The authors of the opposing piece are right to worry about the morality of asking others to fight for us. Boot and O’Hanlon try to dismiss the problem by blurring the distinction between foreign nationals who work for the U.S. and uniformed members of the U.S. armed forces.
This misses the mark widely, as the authors implicitly acknowledge in noting that foreign contractors are not under military discipline. The same confusion occurs in their effort to equate military service with the risks run by previous generations of immigrants who built railroads and skyscrapers. Foreign nationals who work for the U.S. abroad and those who found jobs building America’s infrastructure did not serve under the Uniform Code of Military Justice. Their employment and citizenship were not based on the understanding that they would go in harm’s way. Their contractual agreement can and could be terminated at will.
Focusing on apparent similarities between the risks of civilian workers and military personnel sidesteps the important difference: obligation. Boot and O’Hanlon are diffident about obligation. They praise the military path to citizenship as a “new option” rather than an obligation.
This skeptical view of obligation is the essence of their proposal. It helps relieve Americans of the obligation to defend themselves, and, in doing so, would expose our armed forces to deserved contempt from both allies and potential enemies. Since neither recruits nor their parents would be citizens, the policy would help detach political leadership from the political consequences of using armed force. This in turn would discourage serious deliberation before using force as an instrument of policy. Filling the junior ranks with young foreign nationals would also create the unhelpful appearance of division between officers and enlisted. In the immediate future the exchange of citizenship for military service probably would help fill the ranks, but the long-term harm is surely greater than the short-term benefit.

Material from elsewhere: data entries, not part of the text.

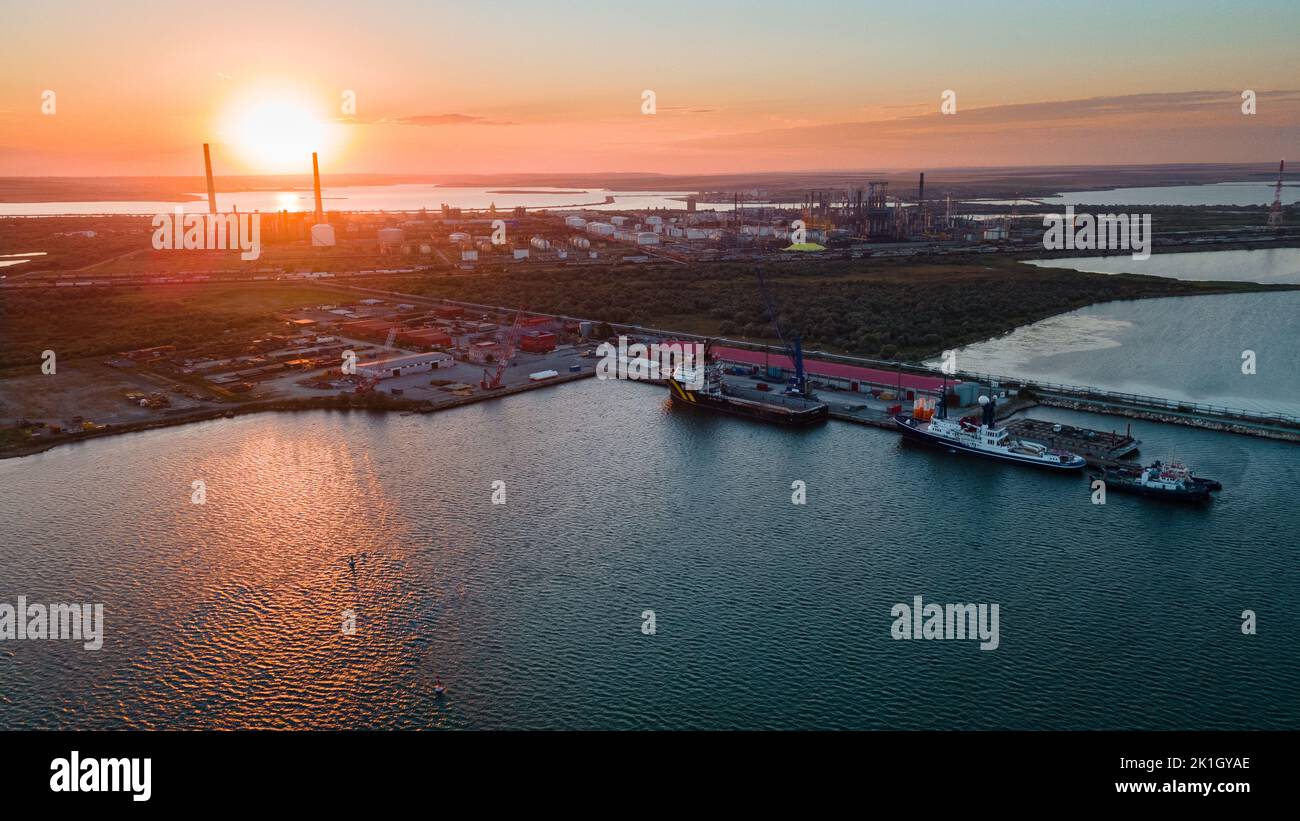 Aerial view of a harbor with ships sailing and docked. Photography was taken from a drone at a higher altitude in summer season at sunset. Stock Photo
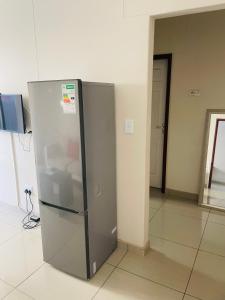 a stainless steel refrigerator sitting in a room at E & P Cave in Swakopmund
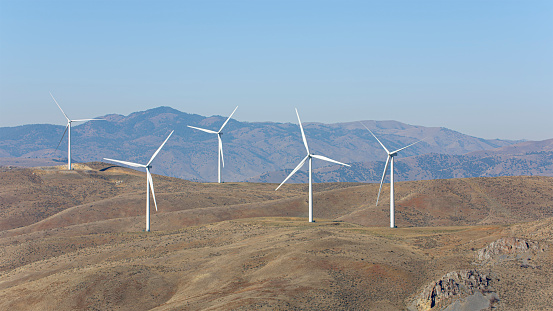 Aerial view of wind turbines spinning on mountain tops against sky on sunny day in Oregon, USA.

Boot and O’Hanlon are on unshakeable ground that this is a land of immigrants. We all came here for freedom and opportunity. These benefits depend on America’s founding ideas and the political institutions that support them. They also depend, importantly, on the spirit of the American people — self-reliant, independent, courageous and willing to accept risk, exactly the qualities that are reinforced in Americans by having to accept responsibility for their own defense. Remove this responsibility and our good qualities will have lost a powerful incentive. America will become less attractive not only to live in, but to move to. It’s a bad idea.